World pellet production is around 220 Mtpa (65Mtpa is traded) of which Australia currently produces only 1.5Mtpa. New DRI projects may require more than 20Mtpa of pellets.
An important advantage for the DRI process is to be located near low quality gas. Most DRI processes such as Midrex, can use low quality gas with a low opportunity value to the gas producer and hence providing an important advantage for the DRI producer. The use of second grade gas, avoiding the installation of gas refiners provides an important cost advantage.
|Note that gas fired processes require the gas to be reformed (reacted with water to a mixture of hydrogen and carbon monoxide). Significantly, most DRI processes can use gas with high levels of inerts (carbon dioxide and nitrogen) and even at 30 per cent level, the energy loss is typically only around 10 per cent of the energy content (due to chemical, thermodynamic and physical losses). Avoiding gas stripping facilities, reduces the cost of gas to the user.|
Gas prices around US$1 per gigajoule are being negotiated which while higher than in the Middle East and Venezuela at US$0.75, are less than one-half those of competing regions such as India and Thailand.
DRI requires about 120 kW hours of electricity per tonne implying electricity would represent about 4 per cent of the final product. For comparison, steel produced in an electric arc from DRI requires around 650 kW hours per tonne to equal around 13 per cent (therefore a total of 17 per cent of the finished product). Therefore DRI will be produced by low energy cost and gas rich countries. It will continue to compete against pellets which represents nearly double the market for DRI and main markets in high recycling areas such as Western Europe and North America.

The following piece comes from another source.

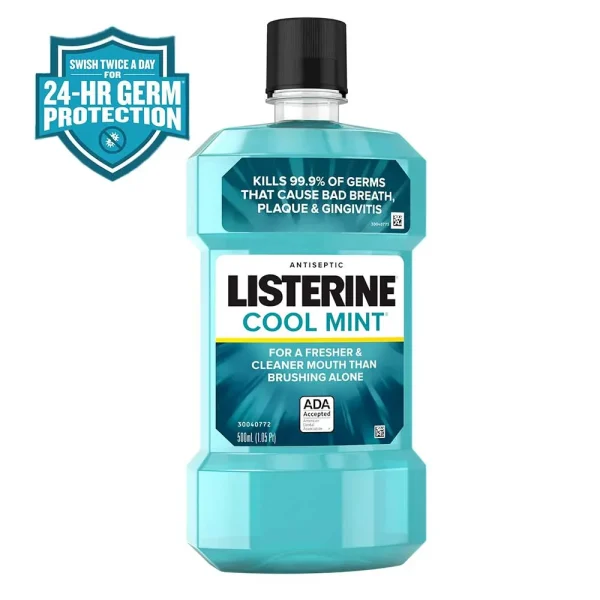 Listerine Cool Mint Antiseptic Mouthwash for Bad Breath & Plaque 500ml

A variation is the newly developing direct direct smelt processes that can avoiding coke, pellet and sinter plants, using coal which is often cheaper than gas. These include HIsmelt (under development by Rio Tinto at a facility at Kwinana, Western Australia), Fastmet by Midrex and Circofer by Lurgi that importantly can use fine ore.
UPDATE: May 2000. The pilot plant at Kwinana has been closed and Rio Tinto has announced it would develop the second stage in the US adjacent to US steelmker Nucor Corporation. Nucor will use the 600 000 tonnes of pig iron from the second stage plant. Rio Tinto aims to set up a 1.5 million tonne plant in the Pilbara by around 2007 to use the high phosphorus containing iron ore as the HIsmelt process reduces the phosphate content allowing the product to be sold at a higher price.
The HIsmelt process is a joint venture of Rio Tinto and Midrex managed by HIsmelt Pty Ltd. It aims to use iron ore fines and non-coking coal - both lower cost raw materials and, importantly for Western Australia, able to use the low quality coal from Collie.
Collie, located south of Perth, has some 1600 million tonnes of coal (one-third accessible by open-cut). It has a specific energy of only 20 gigajoule per tonne and is non coking (with medium volatility) precludes competitive exports reducing its opportunity value. With a low sulfur and low ash content, the coal could be used for the HIsmelt process.
HIsmelt uses oxygen with supplementary coal injection. The process is unique in that the combustion reaction and heat transfer occurs above an intensely stirred molten iron bath.
In addition to using cheap raw materials, the process can accurately control the carbon content, slag basicity and in particular, reduce the impurities that are retained in other processes. The labour intensity is reduced by requiring minimal raw material pretreatment, and avoiding coke, pellet and sinter plants. For Rio Tinto's Hamersley Iron, which is under pressure to begin secondary processing of iron ore, HIsmelt would enable the use of lower grade (cheaper) ores to around 62 per cent iron and higher levels of phosphorous and alumina.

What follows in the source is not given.